# Romance is in the air!



## kelebek (Oct 5, 2007)

I just thought that I would share the new couples in the pen!

Fiona and Joe Dirt are now inseperatable

Daisie and Mr. Bo Jangles are cuddling. She was resting her head on his back.

How cute!


----------



## StaceyRosado (Oct 5, 2007)

awe cute! mine hate the buck then love him for a day then hate him again.


----------



## enjoytheride (Oct 5, 2007)

Who's the buck with the curly toupee- he's adorable.


----------



## kelebek (Oct 5, 2007)

enjoy - 

That is the famous "Joe Dirt" I am honestly not sure what his registered name is, as the papers are being filed as we speak, but I call him "Joe Dirt" for his mullet! HAHAHA

He was born 4/30/07 and has some pretty nice lines. I am wanting to show him this year, but we will have to take care of some scurs I do believe first!
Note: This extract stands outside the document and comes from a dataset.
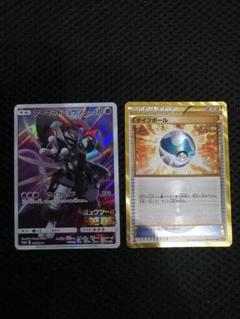 2025年最新】ポケモンカード ur ダイブボールの人気アイテム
I plan on using him as my herd sire, if he matures nicely.


----------



## FarmGirl18 (Oct 5, 2007)

Very cute pictures!



StaceyRoop said:


> mine hate the buck then love him for a day then hate him again.


Sounds like mine! :roll:


----------



## enjoytheride (Oct 5, 2007)

Well- they are a beautiful couple- you should get some great kids- a whole dirt line- Dirty Harry, Dirt Poor, Dirty Dozen?


----------



## sweetgoats (Oct 18, 2007)

How cute.


----------



## kelebek (Oct 5, 2007)

enjoy - you crack me up!!!!

I should do that when he does breed one of the does. 
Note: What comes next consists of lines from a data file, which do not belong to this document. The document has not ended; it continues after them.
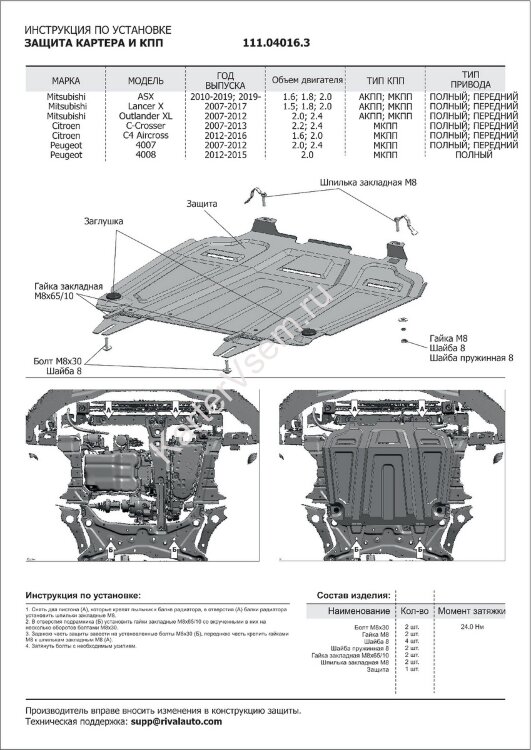 Защита картера и КПП АвтоБроня (увеличенная) для Peugeot 4007 2007-2012, штампованная, сталь 1.8 мм, с крепежом, 111.04016.3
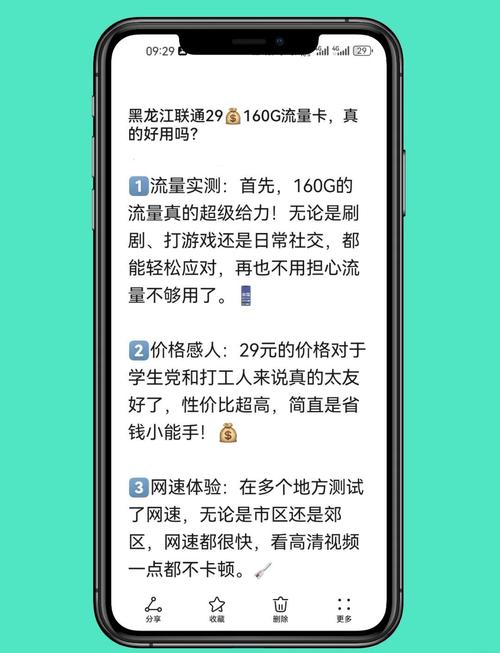 联通红枣卡适合直播使用吗？这份深度测评给你答案！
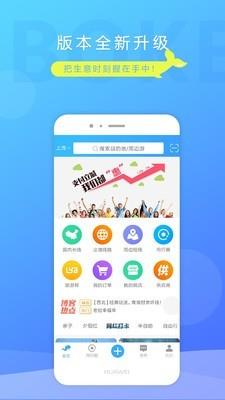 博客旅游  v3.2.0图1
Right now, all the does were bred before he arrived, except the girl he is standing next to - but we are unsure if she is fertile or not.


----------



## Sweet Gum Minis (Oct 6, 2007)

Hahaha cute!!! Love the names!


----------



## kelebek (Oct 5, 2007)

Well, I am eating my words right now that Joe Dirt did not breed anyone - 

My little pygmy Chloe came back in heat, and I caught Joe with her last night, and she was icky in the back end.

So we will see!

He was funny - he mounted chloe - then went right back to his woman Fiona!


----------



## enjoytheride (Oct 5, 2007)

I hate to say this but "Pay Dirt!"


----------



## mystic's_mom (Oct 5, 2007)

Fiona looks like a goatie I used to have...her name was Song. 

What cute couples :xmasgreengrin:


----------



## kelebek (Oct 5, 2007)

*hahaha!!!*

enjoy - :ROFL:

I think that we are going to have to much fun when he has off spring!!!


----------